In Brief

What Alex Salmond’s downfall means for Scottish nationalism

Resignation of former first minister could harm the SNP and even scupper a second independence referendum

Alex Salmond’s resignation from the SNP over claims of sexual misconduct looks to have brought the curtain down on one of the UK's most glittering political careers, but the looming scandal could have far bigger implications for the future of the party, Scottish nationalism and, by extension, the union.

Salmond was “for three decades a permanent star in the political firmament, loved and loathed in equal measure”, says The Independent’s Sean O’Grady, but his political legacy both north and south of the border cannot be questioned.

He was, more than any other figure, responsible for the recent resurgence of Scottish nationalism and the dominance of the SNP that has emerged since devolution in 1998, coming to within a hair’s breadth of achieving his dream of Scottish independence in 2014.

Yet a week after the former first minister launched an unprecedented judicial review of the Scottish government’s handling of two sexual misconduct complaints made against him, “it is hard to avoid talk of a major split within the party as well as potentially seismic repercussions for the pro-independence movement itself”, says The Guardian’s Scotland correspondent, Libby Brooks.

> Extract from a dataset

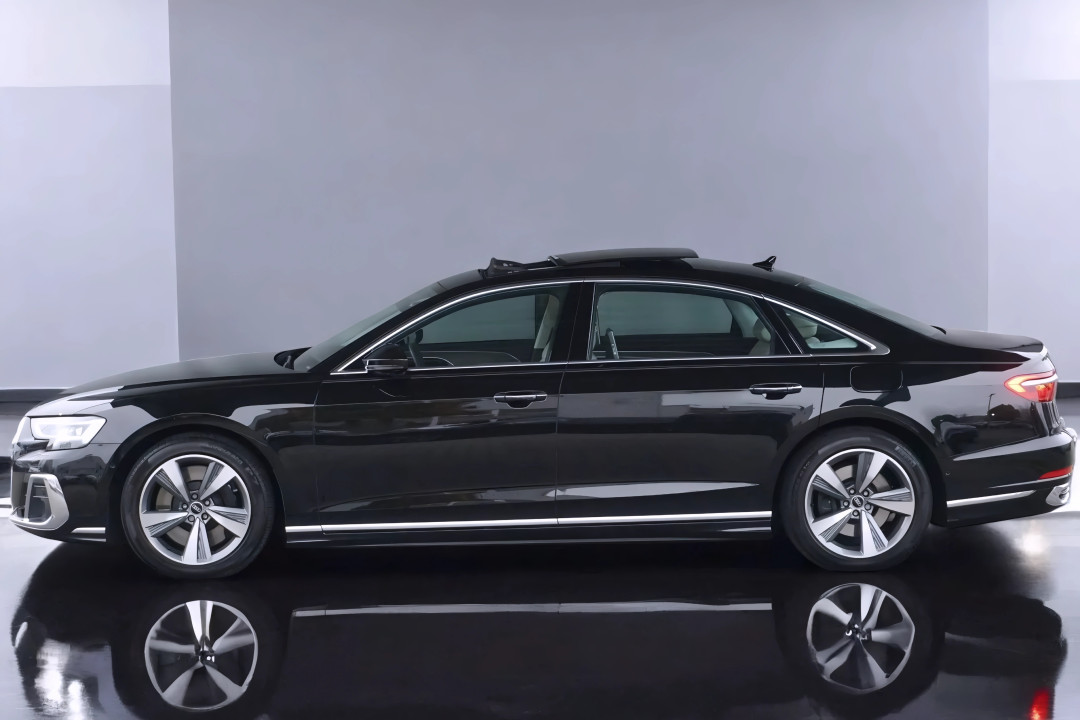 Audi A8 Long 60 TFSIe Quattro Tiptronic (2)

News that Salmond’s crowdfunding appeal to pay his legal costs had surpassed its £50,000 target in a matter of hours has only added to “an atmosphere of despair, a demeanour of despondency, around Team Sturgeon as they view the impact upon the party - it's a political problem for the SNP - and the cause of independence, which Mr Salmond believes he is partly ameliorating by stepping down while his court case is heard”, says BBC Scotland political editor Brian Taylor.

The Scottish Conservatives, who oppose a second independence referendum, said Salmond's crowdfunding appeal was “astonishing” as it meant Scotland “now faces the incredible and unprecedented situation of its most famous former first minister appealing to SNP supporters for cash to take legal action against the government he used to run”.

Writing in The Times, the head of the FDA civil service union, Dave Penman, described the events unfolding around Salmond as “unprecedented not only by the scale of the political fallout” but also, following his criticism of permanent secretary, Leslie Evans, because his actions had “undermined the integrity and impartiality of the civil service, thereby damaging the Scottish government itself”.

None of this bodes well for Sturgeon as she prepares to update Holyrood on her position regarding a second independence referendum this autumn.

The failure to win over the female vote to the pro-independence message was seen as one of the driving factors behind the Yes campaign’s loss four years ago.

Allegations of sexual misconduct, and even suggestions of an SNP cover-up or at the very least failure to properly investigate, would do little to convert women to the cause – and could scupper plans for a second vote entirely.

Were a second referendum to be called, the SNP would most likely be without its most effective and high-profile advocate – something that could make all the difference in a close-fought contest.

It was true Salmond’s star had waned since he stepped down as SNP leader following the referendum, but “observers of every stripe acknowledge Salmond’s continuing capacity to direct the news agenda with his usual hyperbolic flourish”, Brooks writes.

“If independence does eventually come to Scotland, there will be many claiming parenthood, but there will only be one man who has a just claim to be father of it”, says O’Grady. “Whether he will be in a sufficiently happy personal situation to be able to make much of it remains to be seen”.